Nachdem die Linie des westdeutschen Altan v. Hirtensang erloschen war, ist sie durch den polnischen Celsius noch erhalten geblieben. Trafaret hatte zwei gekörte Söhne: Sonnenstrahl und Elkadi II. Beide hinterließen leider keine gekörten Nachfolger, womit die Linie des Hirtensang in Deutschland endgültig erloschen ist. Man kann nur hoffen, dass der Wert dieses bedeutenden Hengstes in Polen oder Russland an verantwortlicher Stelle besser behütet wird.
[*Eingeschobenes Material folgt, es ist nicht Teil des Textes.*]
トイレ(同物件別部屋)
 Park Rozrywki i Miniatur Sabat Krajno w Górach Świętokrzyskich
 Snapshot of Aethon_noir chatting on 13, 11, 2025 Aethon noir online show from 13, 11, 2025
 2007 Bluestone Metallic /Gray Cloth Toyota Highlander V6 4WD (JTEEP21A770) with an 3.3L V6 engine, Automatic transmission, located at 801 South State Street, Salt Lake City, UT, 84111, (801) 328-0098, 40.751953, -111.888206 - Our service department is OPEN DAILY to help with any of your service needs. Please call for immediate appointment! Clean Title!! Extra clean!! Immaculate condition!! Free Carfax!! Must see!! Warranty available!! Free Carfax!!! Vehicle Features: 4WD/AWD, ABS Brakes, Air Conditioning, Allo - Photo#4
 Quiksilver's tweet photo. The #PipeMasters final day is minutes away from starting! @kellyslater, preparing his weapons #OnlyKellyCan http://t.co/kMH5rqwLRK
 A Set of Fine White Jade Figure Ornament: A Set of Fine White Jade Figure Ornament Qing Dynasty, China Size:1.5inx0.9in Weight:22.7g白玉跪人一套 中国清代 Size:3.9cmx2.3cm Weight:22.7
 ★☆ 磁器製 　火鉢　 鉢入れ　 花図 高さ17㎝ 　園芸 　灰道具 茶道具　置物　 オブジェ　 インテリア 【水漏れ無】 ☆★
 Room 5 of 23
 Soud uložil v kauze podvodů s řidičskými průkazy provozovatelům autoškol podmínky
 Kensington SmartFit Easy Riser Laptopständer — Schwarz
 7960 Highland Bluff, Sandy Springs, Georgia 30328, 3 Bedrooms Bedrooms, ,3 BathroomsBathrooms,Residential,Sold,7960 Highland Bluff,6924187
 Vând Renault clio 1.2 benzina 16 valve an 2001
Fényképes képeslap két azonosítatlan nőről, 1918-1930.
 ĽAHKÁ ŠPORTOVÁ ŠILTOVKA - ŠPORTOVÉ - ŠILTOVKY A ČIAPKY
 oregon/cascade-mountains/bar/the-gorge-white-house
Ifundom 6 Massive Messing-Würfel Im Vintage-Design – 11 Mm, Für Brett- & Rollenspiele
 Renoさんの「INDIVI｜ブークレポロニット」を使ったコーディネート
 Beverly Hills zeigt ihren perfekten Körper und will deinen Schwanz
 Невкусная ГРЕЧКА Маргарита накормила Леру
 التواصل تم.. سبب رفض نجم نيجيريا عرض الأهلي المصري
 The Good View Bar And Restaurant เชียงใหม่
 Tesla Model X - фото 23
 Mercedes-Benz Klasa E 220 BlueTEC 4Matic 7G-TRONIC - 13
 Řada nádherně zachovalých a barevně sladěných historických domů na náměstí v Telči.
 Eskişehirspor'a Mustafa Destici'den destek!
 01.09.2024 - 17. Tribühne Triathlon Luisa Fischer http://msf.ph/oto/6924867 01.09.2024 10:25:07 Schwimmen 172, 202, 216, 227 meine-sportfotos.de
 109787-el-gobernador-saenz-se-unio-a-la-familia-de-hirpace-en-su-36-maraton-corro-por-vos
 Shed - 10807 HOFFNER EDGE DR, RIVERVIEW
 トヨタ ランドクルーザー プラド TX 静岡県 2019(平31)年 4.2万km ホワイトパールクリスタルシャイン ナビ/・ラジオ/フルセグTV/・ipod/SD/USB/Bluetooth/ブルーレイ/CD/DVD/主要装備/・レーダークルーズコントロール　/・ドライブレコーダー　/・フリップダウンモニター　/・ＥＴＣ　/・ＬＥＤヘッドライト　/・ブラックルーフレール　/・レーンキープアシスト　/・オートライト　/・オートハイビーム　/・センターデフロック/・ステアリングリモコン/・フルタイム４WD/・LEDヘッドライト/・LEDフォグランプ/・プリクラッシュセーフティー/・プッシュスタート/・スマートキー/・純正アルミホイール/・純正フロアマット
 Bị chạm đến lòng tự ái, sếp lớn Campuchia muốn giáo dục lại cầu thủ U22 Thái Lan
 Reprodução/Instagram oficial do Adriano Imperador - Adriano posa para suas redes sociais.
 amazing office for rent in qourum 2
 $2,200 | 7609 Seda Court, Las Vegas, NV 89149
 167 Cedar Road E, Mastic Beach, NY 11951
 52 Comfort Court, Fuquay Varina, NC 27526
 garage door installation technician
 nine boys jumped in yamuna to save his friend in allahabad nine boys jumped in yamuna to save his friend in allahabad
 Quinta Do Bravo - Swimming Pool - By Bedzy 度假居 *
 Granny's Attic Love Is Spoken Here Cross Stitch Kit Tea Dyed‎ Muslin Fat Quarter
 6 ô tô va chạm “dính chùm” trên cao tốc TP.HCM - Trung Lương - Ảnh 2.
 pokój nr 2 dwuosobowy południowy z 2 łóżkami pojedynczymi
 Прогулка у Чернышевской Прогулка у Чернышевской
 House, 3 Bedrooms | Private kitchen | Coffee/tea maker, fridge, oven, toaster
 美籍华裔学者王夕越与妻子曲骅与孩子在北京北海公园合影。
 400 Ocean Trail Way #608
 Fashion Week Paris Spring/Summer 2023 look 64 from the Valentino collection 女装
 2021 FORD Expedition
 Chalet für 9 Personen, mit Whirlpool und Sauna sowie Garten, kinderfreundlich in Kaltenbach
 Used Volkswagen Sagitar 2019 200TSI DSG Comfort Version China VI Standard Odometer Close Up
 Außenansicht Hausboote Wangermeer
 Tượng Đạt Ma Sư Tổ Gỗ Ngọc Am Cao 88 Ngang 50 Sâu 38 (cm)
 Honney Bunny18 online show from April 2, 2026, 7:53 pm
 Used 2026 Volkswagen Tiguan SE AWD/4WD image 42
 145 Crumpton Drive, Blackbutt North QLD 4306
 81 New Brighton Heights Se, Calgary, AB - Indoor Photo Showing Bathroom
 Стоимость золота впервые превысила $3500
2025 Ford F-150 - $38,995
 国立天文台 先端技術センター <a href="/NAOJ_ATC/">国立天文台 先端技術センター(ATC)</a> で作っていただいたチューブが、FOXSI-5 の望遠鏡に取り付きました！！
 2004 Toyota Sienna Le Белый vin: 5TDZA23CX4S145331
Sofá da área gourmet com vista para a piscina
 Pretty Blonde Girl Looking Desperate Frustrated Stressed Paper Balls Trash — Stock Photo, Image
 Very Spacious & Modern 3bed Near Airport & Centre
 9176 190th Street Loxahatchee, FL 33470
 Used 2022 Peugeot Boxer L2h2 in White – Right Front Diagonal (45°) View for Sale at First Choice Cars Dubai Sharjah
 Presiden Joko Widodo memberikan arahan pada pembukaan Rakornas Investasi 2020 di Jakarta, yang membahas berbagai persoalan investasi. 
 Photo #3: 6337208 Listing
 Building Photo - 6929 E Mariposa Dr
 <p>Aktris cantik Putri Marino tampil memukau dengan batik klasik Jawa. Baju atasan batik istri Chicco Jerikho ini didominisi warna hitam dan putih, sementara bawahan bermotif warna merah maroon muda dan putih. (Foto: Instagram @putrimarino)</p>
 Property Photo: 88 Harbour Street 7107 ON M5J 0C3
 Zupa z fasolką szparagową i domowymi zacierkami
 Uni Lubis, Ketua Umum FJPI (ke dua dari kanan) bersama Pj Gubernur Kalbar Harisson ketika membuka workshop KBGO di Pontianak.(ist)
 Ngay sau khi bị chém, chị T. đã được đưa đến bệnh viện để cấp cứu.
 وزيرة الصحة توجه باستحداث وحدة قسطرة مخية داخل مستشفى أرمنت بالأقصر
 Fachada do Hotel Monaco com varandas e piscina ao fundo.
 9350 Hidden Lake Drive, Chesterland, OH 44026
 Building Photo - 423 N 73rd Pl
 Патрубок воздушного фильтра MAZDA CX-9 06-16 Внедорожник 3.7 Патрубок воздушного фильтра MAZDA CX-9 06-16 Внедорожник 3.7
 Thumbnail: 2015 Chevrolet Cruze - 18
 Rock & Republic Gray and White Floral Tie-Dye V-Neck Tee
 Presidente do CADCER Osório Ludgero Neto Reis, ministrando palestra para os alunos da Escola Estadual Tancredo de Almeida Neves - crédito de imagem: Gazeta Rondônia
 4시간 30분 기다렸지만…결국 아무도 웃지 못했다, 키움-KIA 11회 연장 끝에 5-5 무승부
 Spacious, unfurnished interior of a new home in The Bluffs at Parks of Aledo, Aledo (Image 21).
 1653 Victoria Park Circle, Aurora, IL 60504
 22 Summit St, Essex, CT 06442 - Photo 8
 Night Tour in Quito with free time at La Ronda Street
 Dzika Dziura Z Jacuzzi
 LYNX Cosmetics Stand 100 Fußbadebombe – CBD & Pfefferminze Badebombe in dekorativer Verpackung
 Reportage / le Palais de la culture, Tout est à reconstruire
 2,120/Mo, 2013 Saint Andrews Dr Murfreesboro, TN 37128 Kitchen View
Bei uns in Wörme blieb es leider bei nur zwei Jahren Zuchtnutzung Trafarets. Aus dieser Zeit blieb uns eine wertvolle Tochter. Die Fuchsstute Motette a. d. Morenga v. Marduc u. d. Mohrungen v. Paladin x (Familie der Melisse v. Hydrant-Schlobitten) war eine der beiden Morenga-Töchter, die diesen wertvollen und sehr seltenen, fast erloschenen Stamm erhalten. Ein interessanter züchterischer Aspekt kommt hier zum Tragen: Da auch Marduc auf Hirtensang ingezogen war, führte unsere Motette in ihrem Pedigree fünfmal Trakehnens Hauptbeschäler Parsival.